*** Block opens ***

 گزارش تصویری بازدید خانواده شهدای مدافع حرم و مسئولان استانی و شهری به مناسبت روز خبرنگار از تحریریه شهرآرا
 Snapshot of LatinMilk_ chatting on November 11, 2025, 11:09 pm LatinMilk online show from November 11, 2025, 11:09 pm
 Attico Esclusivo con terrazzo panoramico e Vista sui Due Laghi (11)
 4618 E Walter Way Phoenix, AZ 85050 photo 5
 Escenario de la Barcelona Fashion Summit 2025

*** Block closes ***
*** Block opens ***

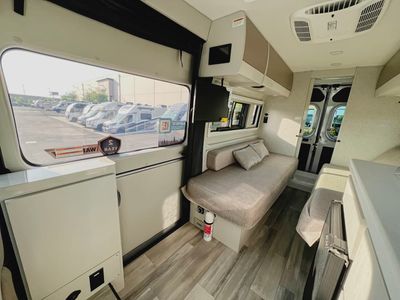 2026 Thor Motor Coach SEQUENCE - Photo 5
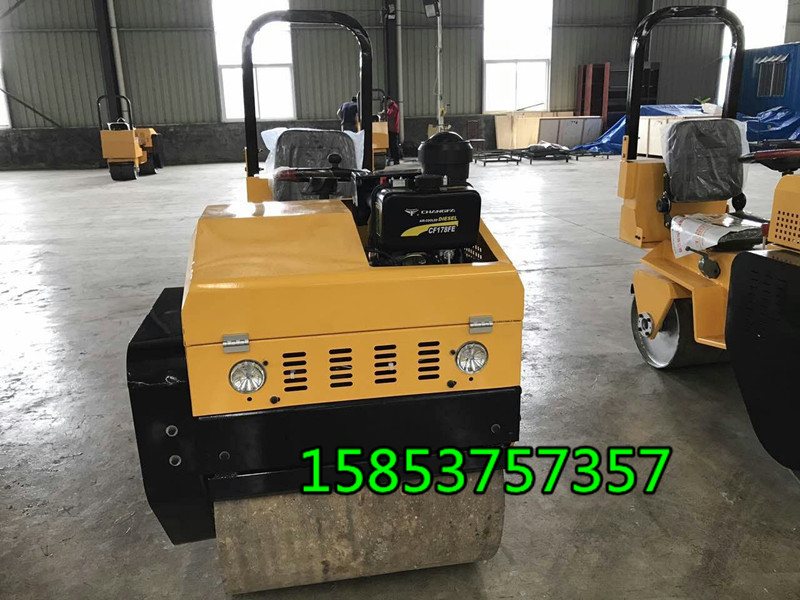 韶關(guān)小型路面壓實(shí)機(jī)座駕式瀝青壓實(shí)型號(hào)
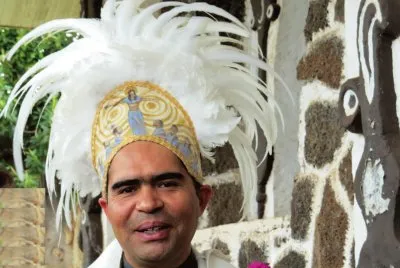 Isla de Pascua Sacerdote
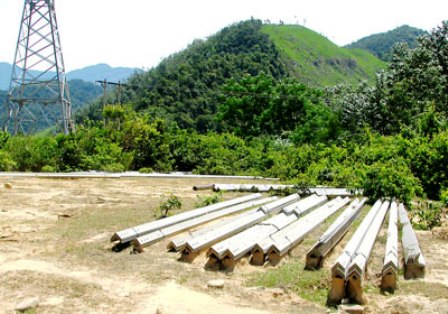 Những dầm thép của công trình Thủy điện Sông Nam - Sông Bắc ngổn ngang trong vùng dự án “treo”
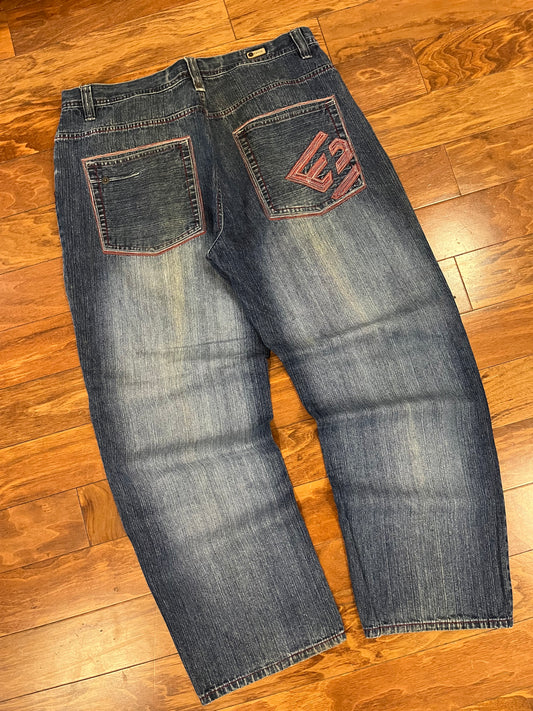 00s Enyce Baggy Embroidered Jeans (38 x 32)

*** Block closes ***
*** Block opens ***

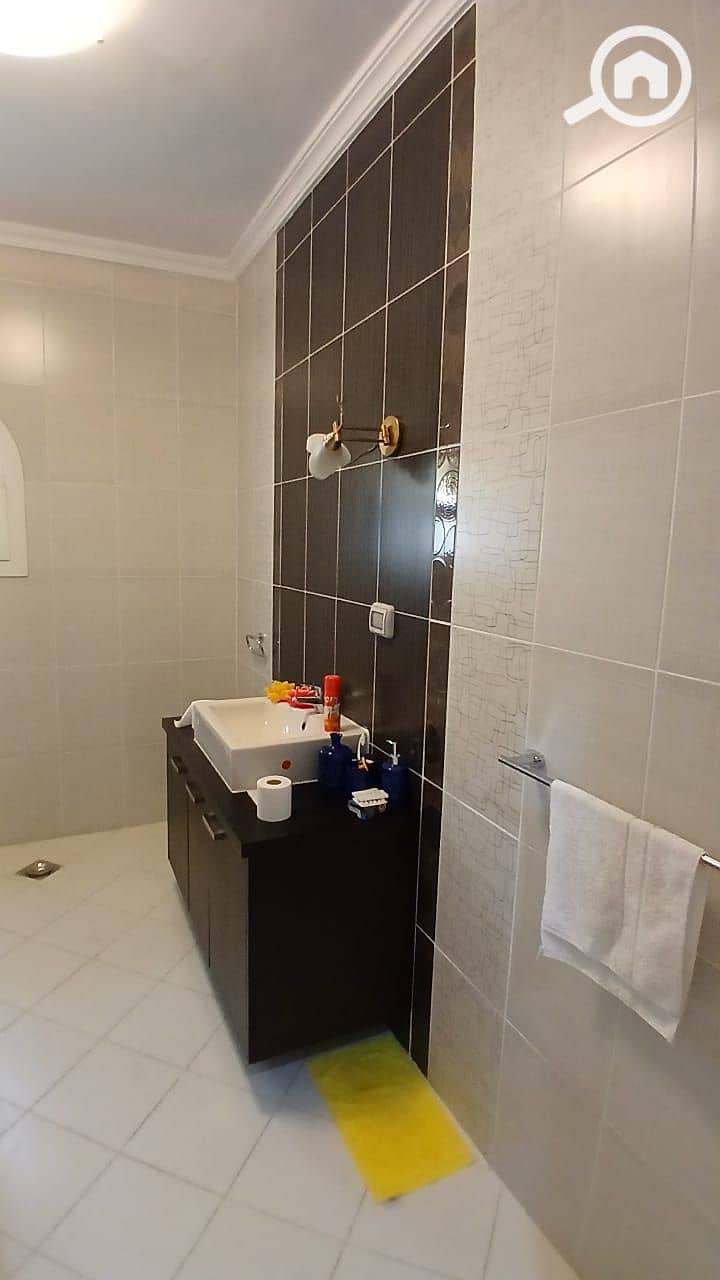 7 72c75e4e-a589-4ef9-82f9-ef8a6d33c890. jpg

*** Block closes ***

Where the listing above has a line with "Snapshot of LatinMilk_", start there, and output every line exactly through the line with "Escenario de la", which is also included.

 Snapshot of LatinMilk_ chatting on November 11, 2025, 11:09 pm LatinMilk online show from November 11, 2025, 11:09 pm
 Attico Esclusivo con terrazzo panoramico e Vista sui Due Laghi (11)
 4618 E Walter Way Phoenix, AZ 85050 photo 5
 Escenario de la Barcelona Fashion Summit 2025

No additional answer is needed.